# Help! I can't get my speakers working....



## AcousticCat (Jul 15, 2010)

That's a basic summary, but here's the skinny:

I have a set of Digital Boston Acoustic BA7500G speakers, w/sub... I have attached a picture of the back panel of the Sub.

As you can see there is a single, digital, input with no analog inputs.

I am using Windows 7 (32bit) with the following mother board which purports to support DTS output.

AsRock G31M-S R2.0 

http://www.asrock.com/download/e-catalog/G31M-S R2.0.pdf

"Audio - - 5.1 CH Windows® Vista™ Premium Level HD Audio
(Realtek ALC662 Audio Codec)"

I have looked and looked in my options, tried downloading new Realtek Drivers but I am NOT able to locate a "Digital Output" toggle/option anywhere. I have had it on previous systems using RealTek software but... I'm so lost now!

If anyone has any Idea of how to get these speakers working with my current setup, (other than going and getting a new soundcard which I realize may be a possibility) but this motherboard SHOULD have a digital output option according to specs, so... please, please help 

The second screen-shot is of the RealTek HD Audio Manager main screen (I have checked all subscreens) So if there is another software version I should be using, or a particular driver I have to install..... 

Any help would be appreciated and thank you in advance!!
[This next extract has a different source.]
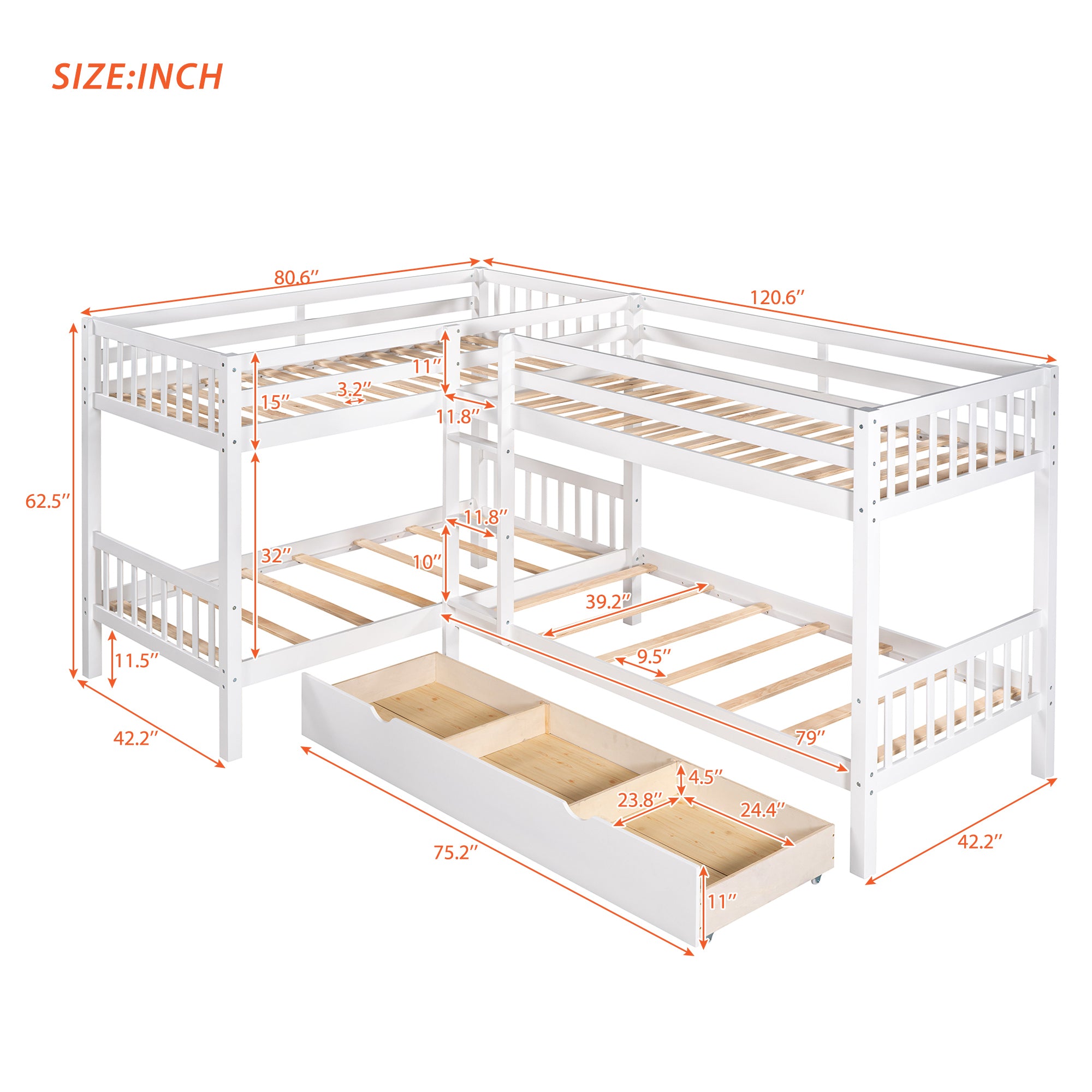 Twin L-Shaped Bunk bed with Drawers-Gray(OLD SKU :LP000038AAK) - Atlantic Fine Furniture Melbourne FL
I'd love to have these bad boys blasting again 

AC. :grin::grin:


PS: if this is helpful..........

OpSys: Microsoft Windows 7 Professional - Service Pack 0.0 
Motherboard: ASRock G31M-S. (Version ) 
CPU: Intel(R) Core(TM)2 Quad CPU Q8300 @ 2.50GHz (Clock Speed 2493 ) 
RAM: 3263MB
Video: ATI Radeon HD 5600 Series 
Sound: ATI High Definition Audio Device 
Sound: Realtek High Definition Audio 
Sound: USB Audio Device 
MODEM: Not Reported

Network: Realtek PCIe FE Family Controller 
Network: WAN Miniport (IP) 
Network: Microsoft ISATAP Adapter 
Drive: WDC WD5000AAKS-00UU3A0 ATA Device (Size ~466 GB)
Drive: Maxtor 6 L200R0 USB Device (Size ~190 GB)
Optical Drive: MagicISO Virtual DVD-ROM0000 
Optical Drive: MagicISO Virtual DVD-ROM0001 
Optical Drive: HL-DT-ST DVDRAM GH22NS50 ATA Device 
End of report


----------



## joeten (Dec 4, 2008)

Hi and welcome to TSF this is the download page for realtek http://www.realtek.com.tw/downloads...=24&Level=4&Conn=3&DownTypeID=3&GetDown=false have you tried the advanced settings


----------



## AcousticCat (Jul 15, 2010)

joeten said:


> Hi and welcome to TSF this is the download page for realtek http://www.realtek.com.tw/downloads...=24&Level=4&Conn=3&DownTypeID=3&GetDown=false have you tried the advanced settings


I have, I've looked in every tab, downloaded the drivers from the RealTek site (both sets) and no luck with this option..

It's very frustrating as the motherboard should support the option.

I'd hate to have to buy a soundcard to make it work, or an analog/digital converter box or something 

I attached a screenshot of the advanced tab and the main options tab..

Where i've circled is where I should be seeing the option for digital output from my understanding of screenshots I've seen.

see here:


----------



## AcousticCat (Jul 15, 2010)

Ok - I decided to go out and get a used sound card - so now.. i have a new issue 

Soundblaster Live! 5.1 Digital SB0220 VS Windows 7 32bit...










Anyone know any suitable drivers ? I can't find any compatible ones yet..


----------



## AcousticCat (Jul 15, 2010)

*edit* i'm up and running..

Soundblaster Live! lives....

Here's the drivers that got me going: 

http://jetdl.com/download/Kxdrv3550+X86+Full+/1dmoh

kxdrv3550-x86-full

Thanks all! and good luck


----------



## joeten (Dec 4, 2008)

Thanks for letting us know


----------